Assignment: Below are records with pictures. Reproduce exactly the lines from the line with "Cover of Werke" to the line with "1948 Sears Spring Summer Catalog, Page 1143", inclusive, and leave each picture out.

Records for processing:
· · · ·

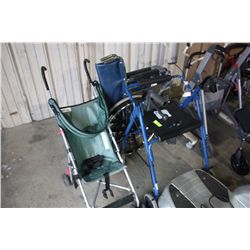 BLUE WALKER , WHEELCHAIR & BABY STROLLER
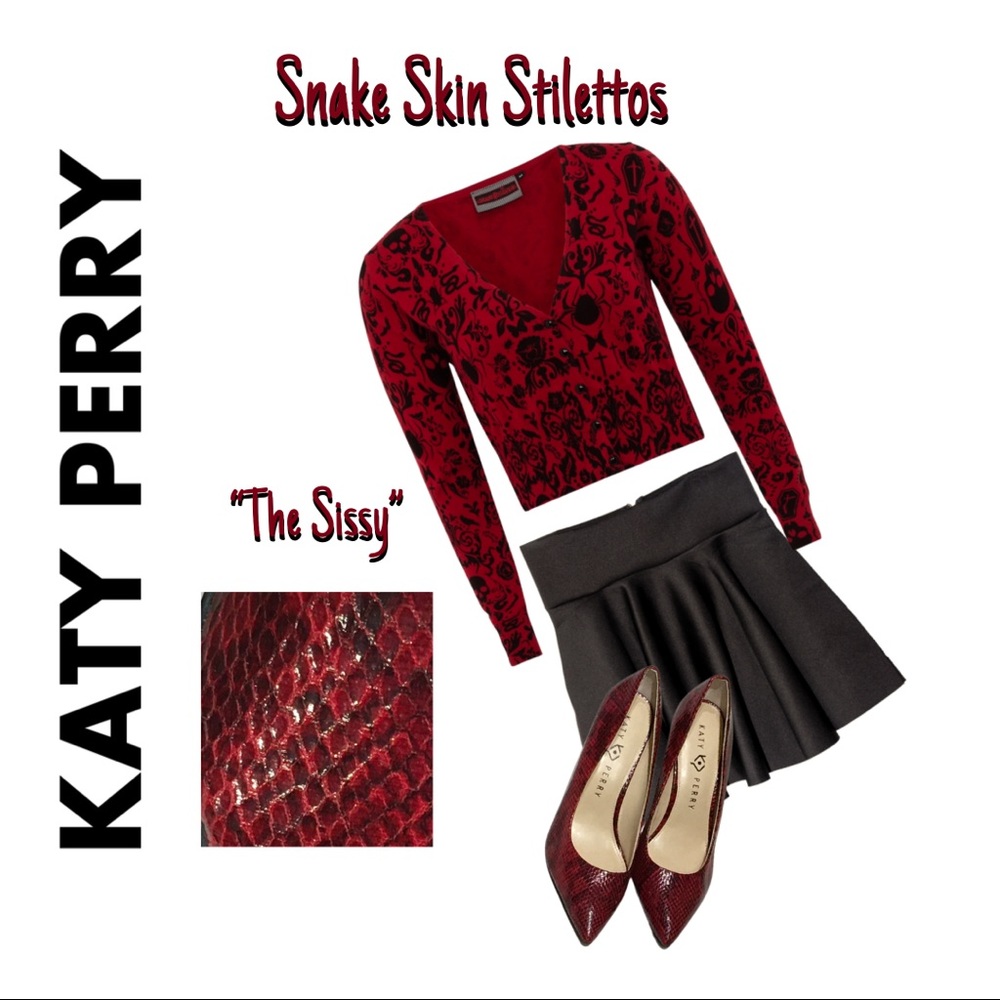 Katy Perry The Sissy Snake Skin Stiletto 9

· · · ·

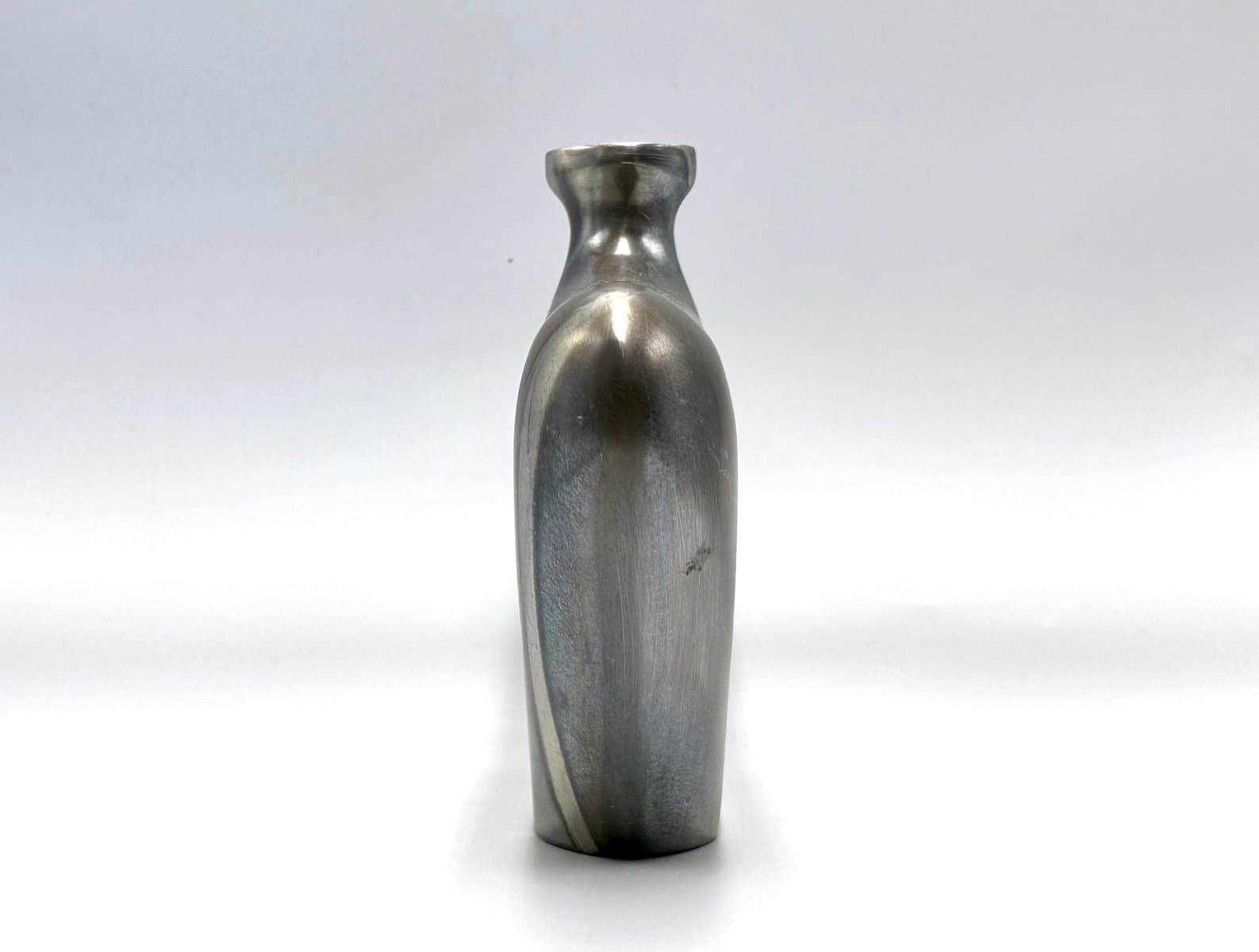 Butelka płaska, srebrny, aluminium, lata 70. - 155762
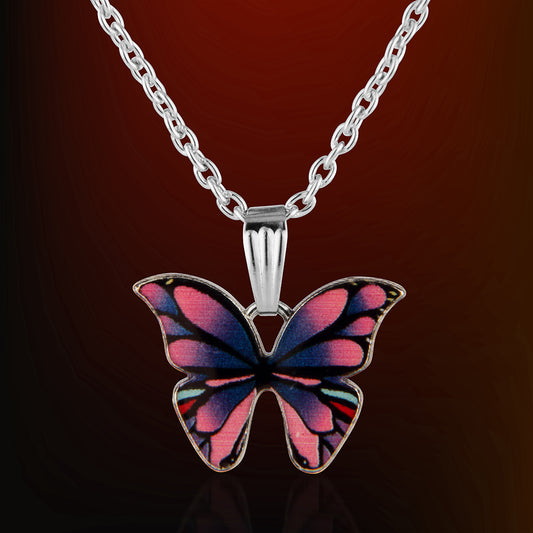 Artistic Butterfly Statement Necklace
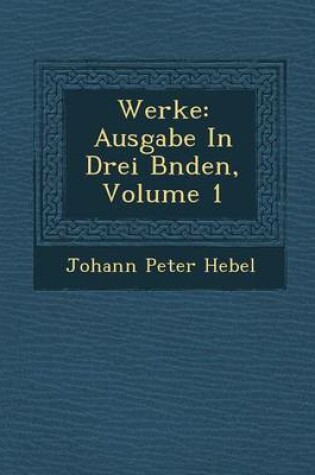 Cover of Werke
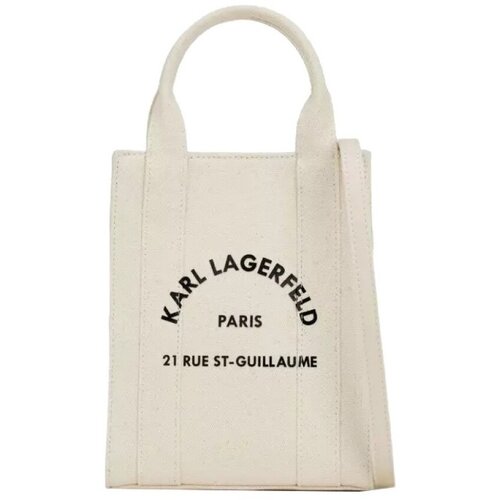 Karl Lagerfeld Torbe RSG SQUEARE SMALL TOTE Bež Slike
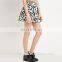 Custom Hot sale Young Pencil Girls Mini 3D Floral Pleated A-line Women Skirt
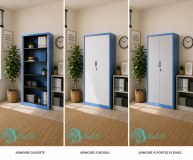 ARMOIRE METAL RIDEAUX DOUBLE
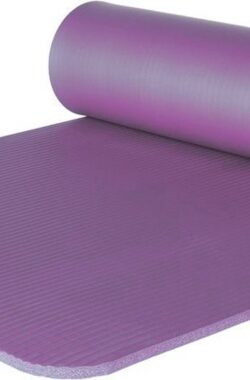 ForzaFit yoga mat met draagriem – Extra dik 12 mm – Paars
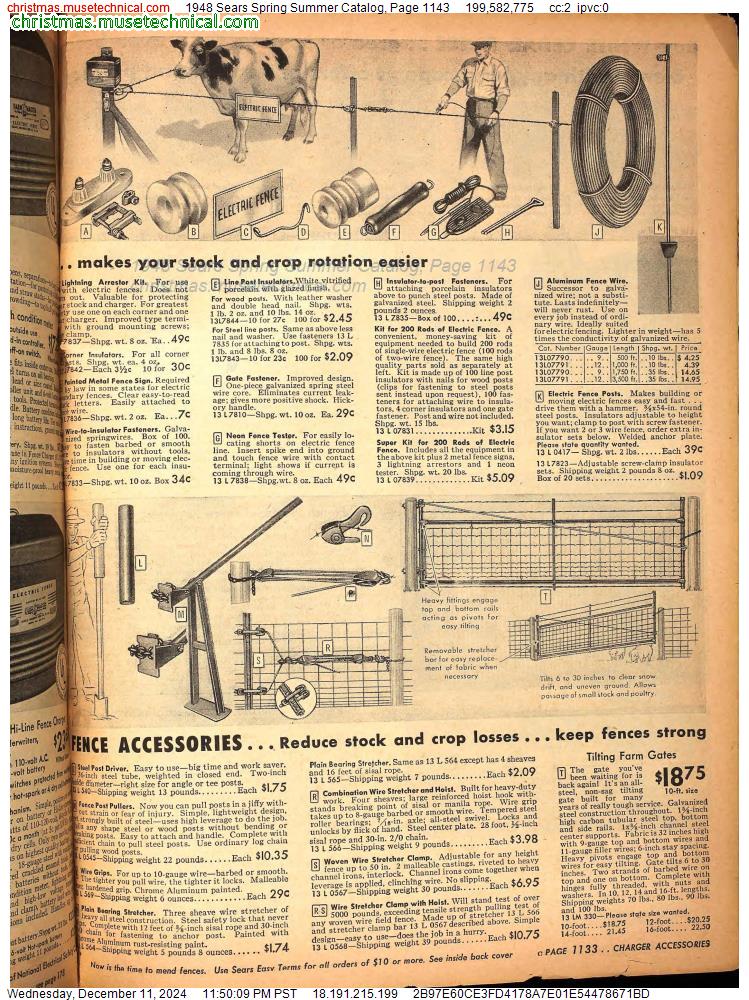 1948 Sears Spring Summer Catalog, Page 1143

· · · ·

Answer for this exercise:
 Cover of Werke
 Karl Lagerfeld Torbe RSG SQUEARE SMALL TOTE Bež Slike
 Custom Hot sale Young Pencil Girls Mini 3D Floral Pleated A-line Women Skirt
 ARMOIRE METAL RIDEAUX DOUBLE
 ForzaFit yoga mat met draagriem – Extra dik 12 mm – Paars
 1948 Sears Spring Summer Catalog, Page 1143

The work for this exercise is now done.